I have following query:
SELECT
Sum(fact_individual_re.quality_hours) AS C0,
dim_gender.name AS C1,
dim_date.year AS C2
FROM
fact_individual_re
INNER JOIN dim_date ON fact_individual_re.dim_date_id = dim_date.id
INNER JOIN dim_gender ON fact_individual_re.dim_gender_id = dim_gender.id
GROUP BY dim_date.year,dim_gender.name
ORDER BY dim_date.year ASC,dim_gender.name ASC,Sum(fact_individual_re.quality_hours) ASC
When explaining it's plan, HASH JOIN is taking most time. Is there any way to minimize the time for HASH JOIN:
Sort (cost=190370.50..190370.55 rows=20 width=18) (actual time=4005.152..4005.154 rows=20 loops=1)

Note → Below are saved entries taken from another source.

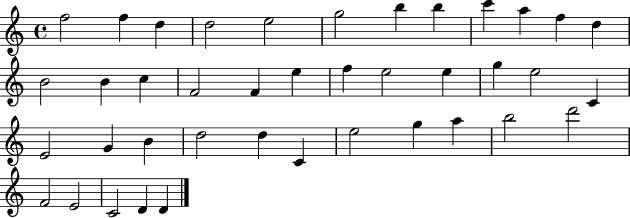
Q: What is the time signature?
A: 4/4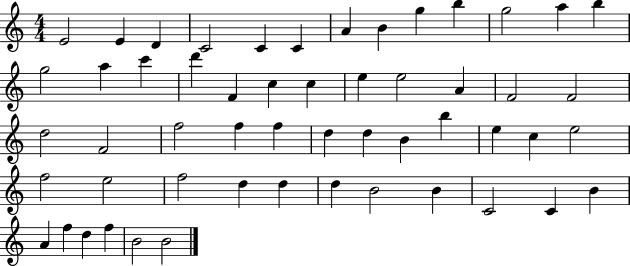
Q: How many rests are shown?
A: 0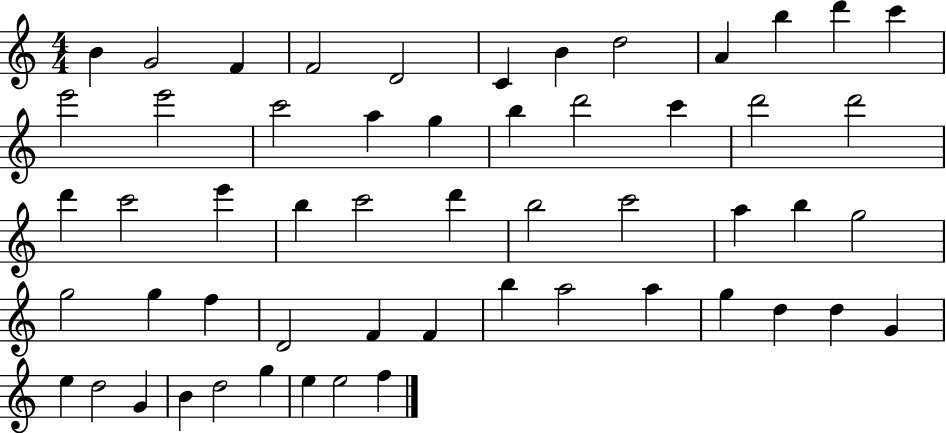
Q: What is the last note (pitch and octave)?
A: F5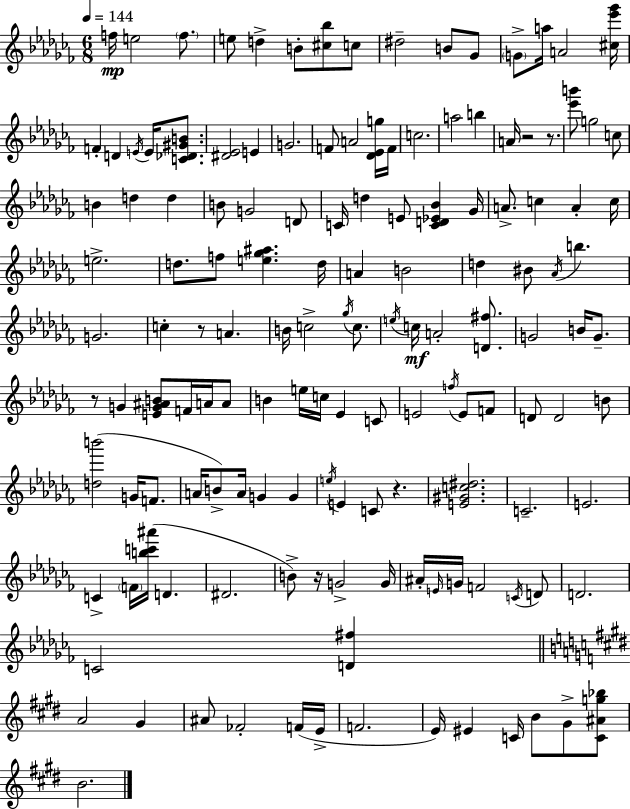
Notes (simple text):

F5/s E5/h F5/e. E5/e D5/q B4/e [C#5,Bb5]/e C5/e D#5/h B4/e Gb4/e G4/e A5/s A4/h [C#5,Eb6,Gb6]/s F4/q D4/q E4/s E4/s [C4,Db4,G#4,B4]/e. [D#4,Eb4]/h E4/q G4/h. F4/e A4/h [Db4,Eb4,G5]/s F4/s C5/h. A5/h B5/q A4/s R/h R/e. [Eb6,B6]/e G5/h C5/e B4/q D5/q D5/q B4/e G4/h D4/e C4/s D5/q E4/e [C4,D4,Eb4,Bb4]/q Gb4/s A4/e. C5/q A4/q C5/s E5/h. D5/e. F5/e [E5,Gb5,A#5]/q. D5/s A4/q B4/h D5/q BIS4/e Ab4/s B5/q. G4/h. C5/q R/e A4/q. B4/s C5/h Gb5/s C5/e. E5/s C5/s A4/h [D4,F#5]/e. G4/h B4/s G4/e. R/e G4/q [E4,G4,A#4,B4]/e F4/s A4/s A4/e B4/q E5/s C5/s Eb4/q C4/e E4/h F5/s E4/e F4/e D4/e D4/h B4/e [D5,B6]/h G4/s F4/e. A4/s B4/e A4/s G4/q G4/q E5/s E4/q C4/e R/q. [E4,G#4,C5,D#5]/h. C4/h. E4/h. C4/q F4/s [B5,C6,A#6]/s D4/q. D#4/h. B4/e R/s G4/h G4/s A#4/s E4/s G4/s F4/h C4/s D4/e D4/h. C4/h [D4,F#5]/q A4/h G#4/q A#4/e FES4/h F4/s E4/s F4/h. E4/s EIS4/q C4/s B4/e G#4/e [C4,A#4,G5,Bb5]/e B4/h.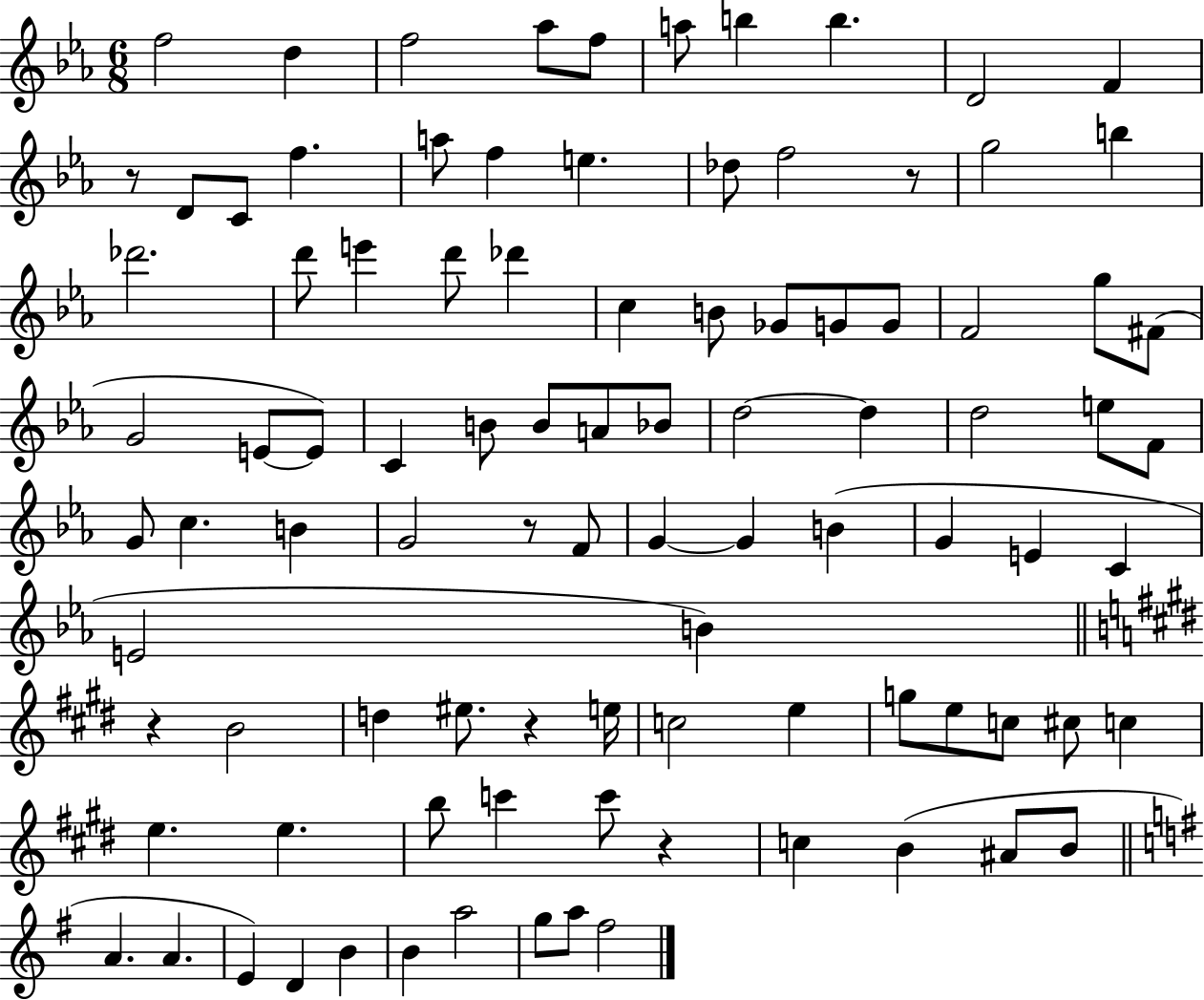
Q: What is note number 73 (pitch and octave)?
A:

Sort Key: dim_date.year, dim_gender.name, (sum(fact_individual_re.quality_hours))
Sort Method: quicksort Memory: 26kB
-> Finalize GroupAggregate (cost=190369.07..190370.07 rows=20 width=18) (actual time=4005.106..4005.135 rows=20 loops=1)
Group Key: dim_date.year, dim_gender.name
-> Sort (cost=190369.07..190369.27 rows=80 width=18) (actual time=4005.100..4005.103 rows=100 loops=1)
Sort Key: dim_date.year, dim_gender.name
Sort Method: quicksort Memory: 32kB
-> Gather (cost=190358.34..190366.54 rows=80 width=18) (actual time=4004.966..4005.020 rows=100 loops=1)
Workers Planned: 4
Workers Launched: 4
-> Partial HashAggregate (cost=189358.34..189358.54 rows=20 width=18) (actual time=3885.254..3885.259 rows=20 loops=5)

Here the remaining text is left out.